CC: I think it's something that absolutely needs to be addressed. When we look at healthcare reform, it seems like every week if you get online and do a Google search for "primary-care shortages" or "access to healthcare," it's in the public's interest right now. And with healthcare reform passing, it's becoming a pressing issue because if we're going to increase coverage, many people have realized that insurance coverage doesn't necessarily equal access. So the next question is, how are we going to increase access? Primary care is almost always the first point of access, and the most efficient first point of access for healthcare. If we don't have enough primary-care doctors, coverage may not equal access and we could overrun our emergency rooms even more than we currently do now. 

Thinking about our healthcare system, overall, I think these issues are extremely pressing. So therefore, it makes it extremely pressing for medical schools to really address the issue.

FH: So basically you're saying that putting effort into these efforts could have a domino effect and, in the long-run, help alleviate some of those overarching medical costs? 

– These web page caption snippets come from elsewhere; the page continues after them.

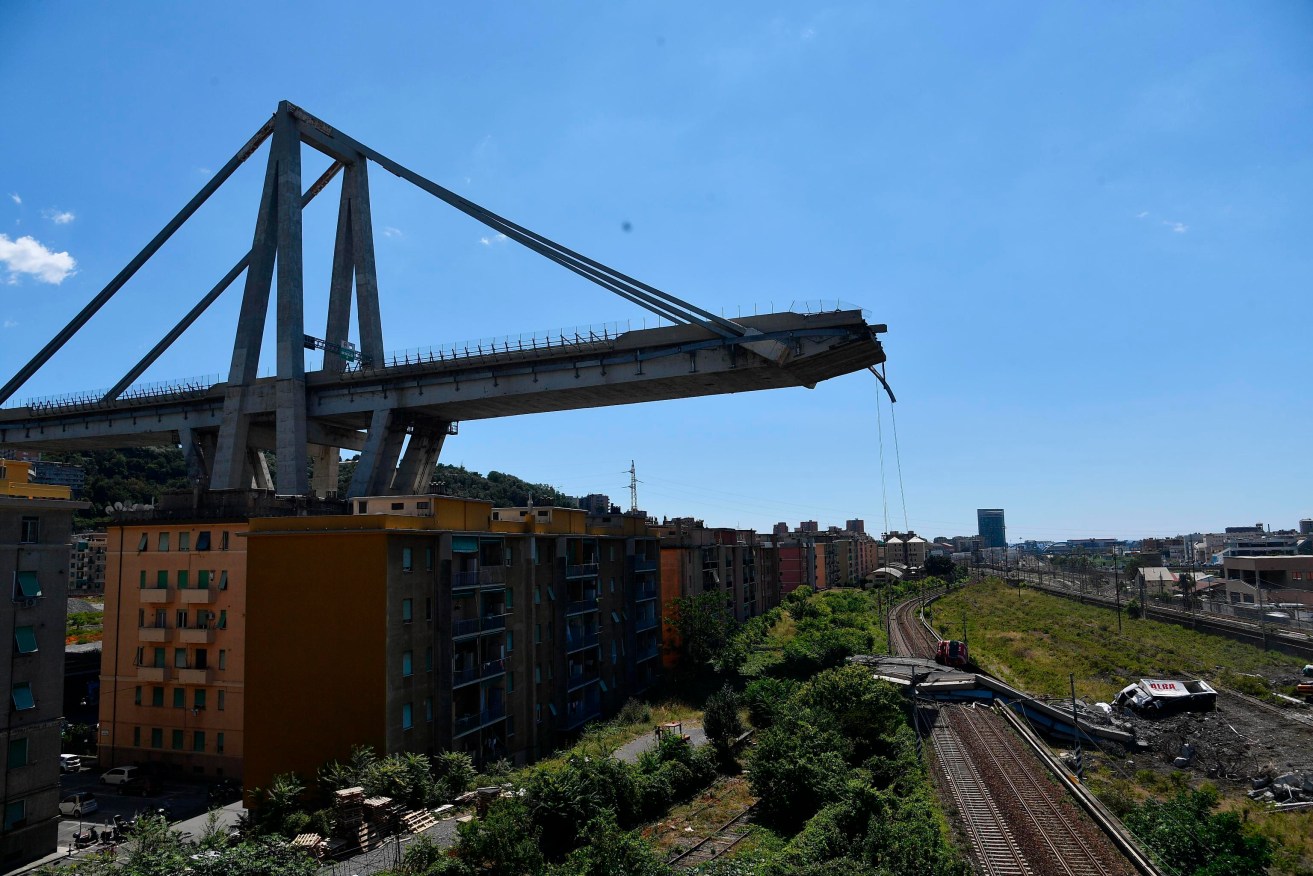 Evacuated houses in the shadows of the collapsed Morandi highway bridge in Genoa. Photo: AP/Nicola Marfisi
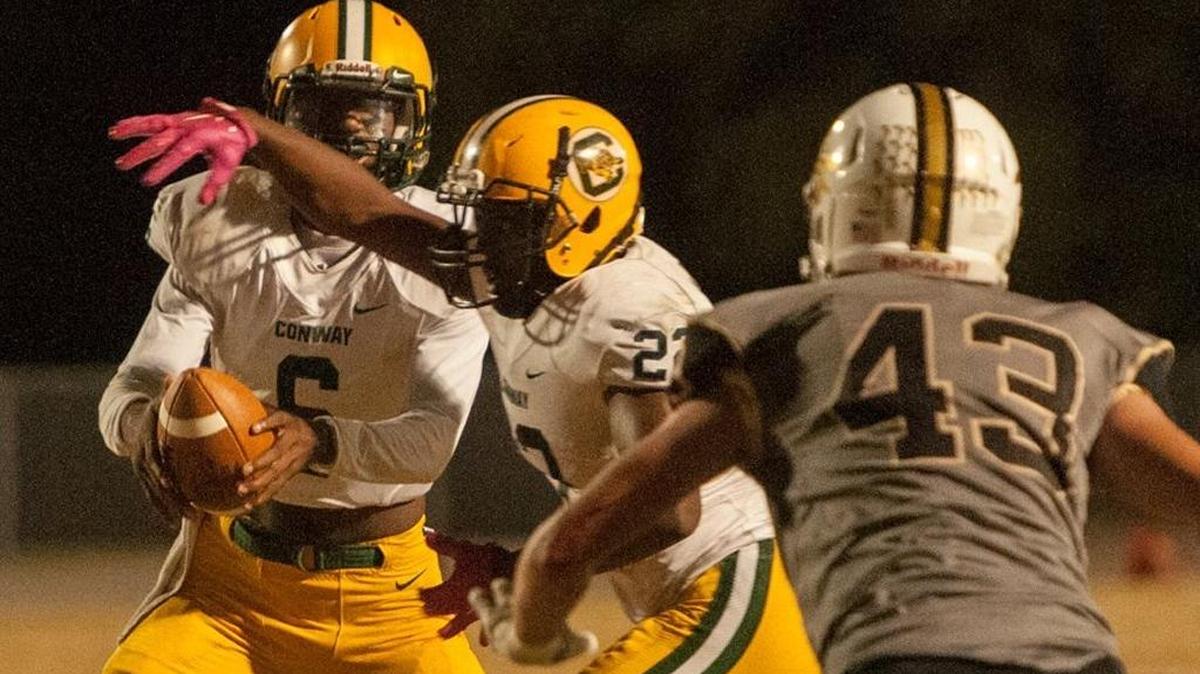 Conway quarterback D’Wuan Grainger fakes the handoff while looking downfield during Friday’s game at Socastee.
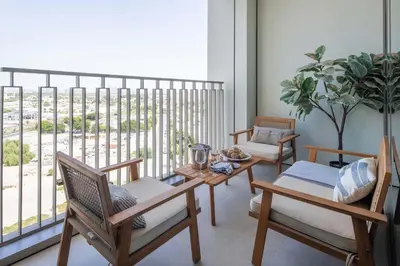 a living room with a table and chairs and a balcony at Frank Porter - Downtown Views 2 in Dubai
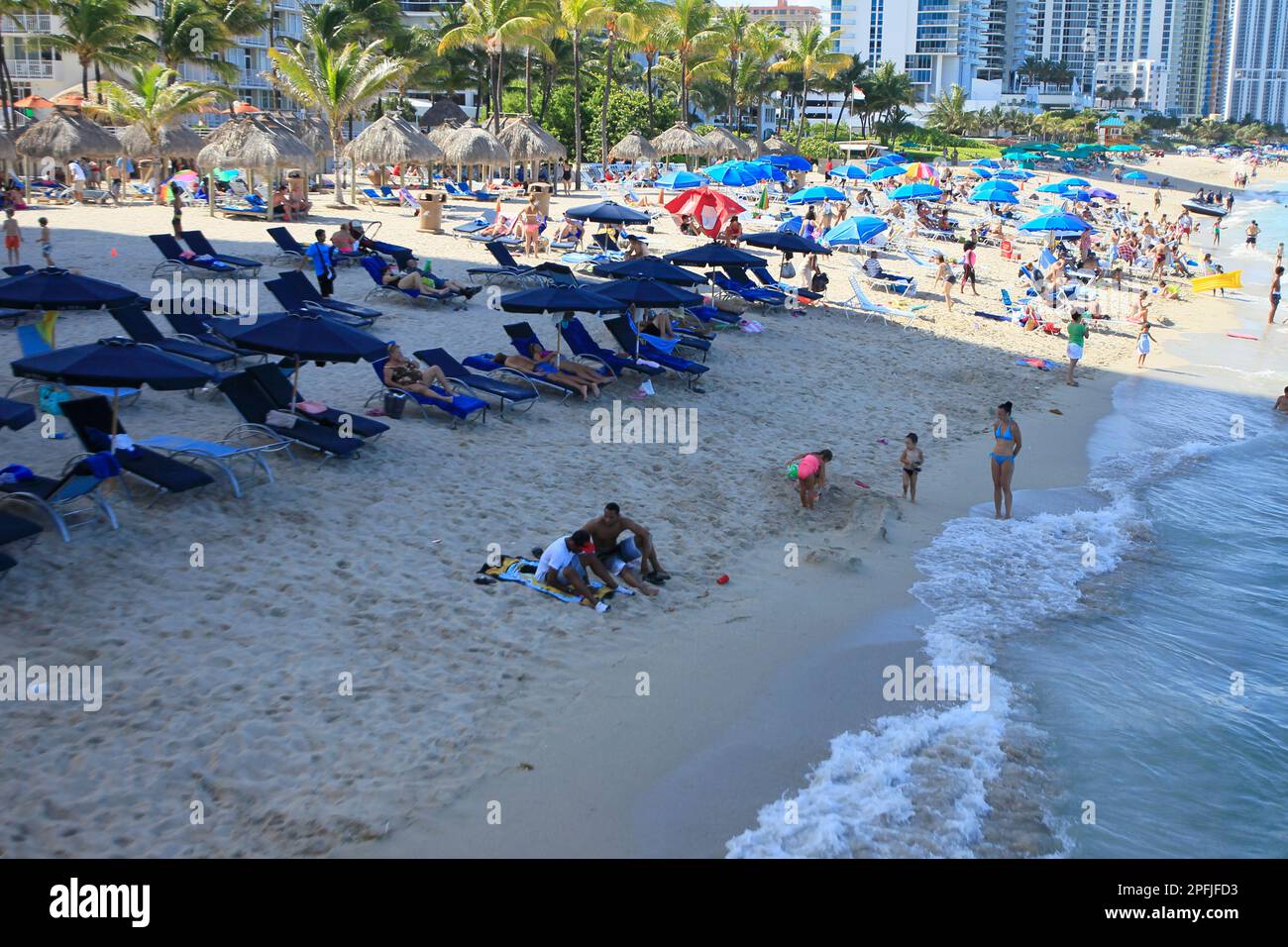 Sunny Isles Miami, FL. Tourist are seen in the beach of Sunny Isles.Photo by: José Bula Stock Photo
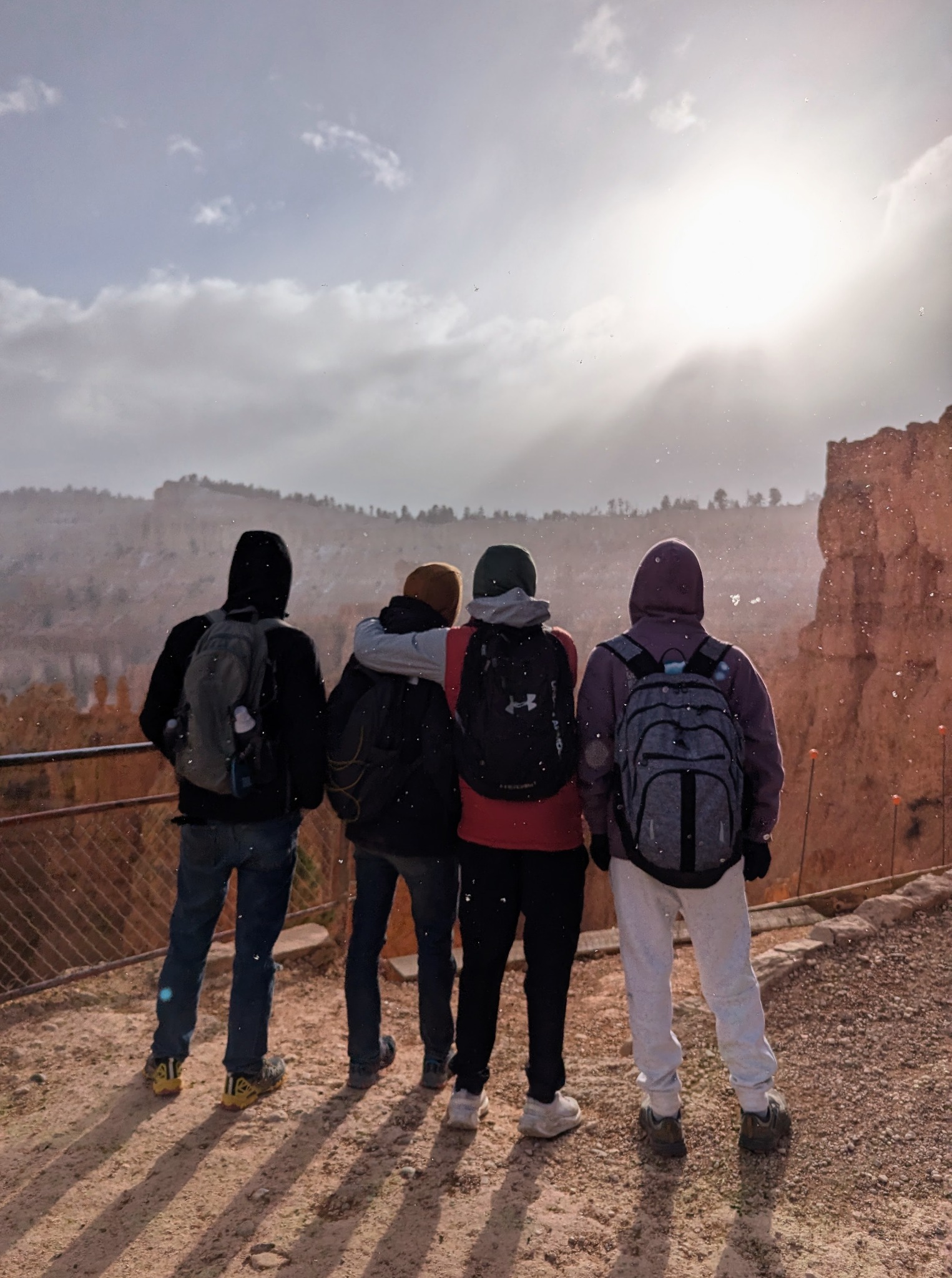 Four friends stand together beneath falling snow and sunlight during a birthday trip through Utah.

CC: I think, again, when you look at the healthcare reform legislation and you look at how much of it is focused on preventative medicine, preventative medicine is very primary-care medicine. It's not like we're saying to medical schools "stop producing the high technology cancer cures" or things like that. But if we can build our primary-care base, then hopefully we can catch cancers before [patients] necessarily need those high technologies and highly expensive treatments. The goal is always a healthier population and a healthier community.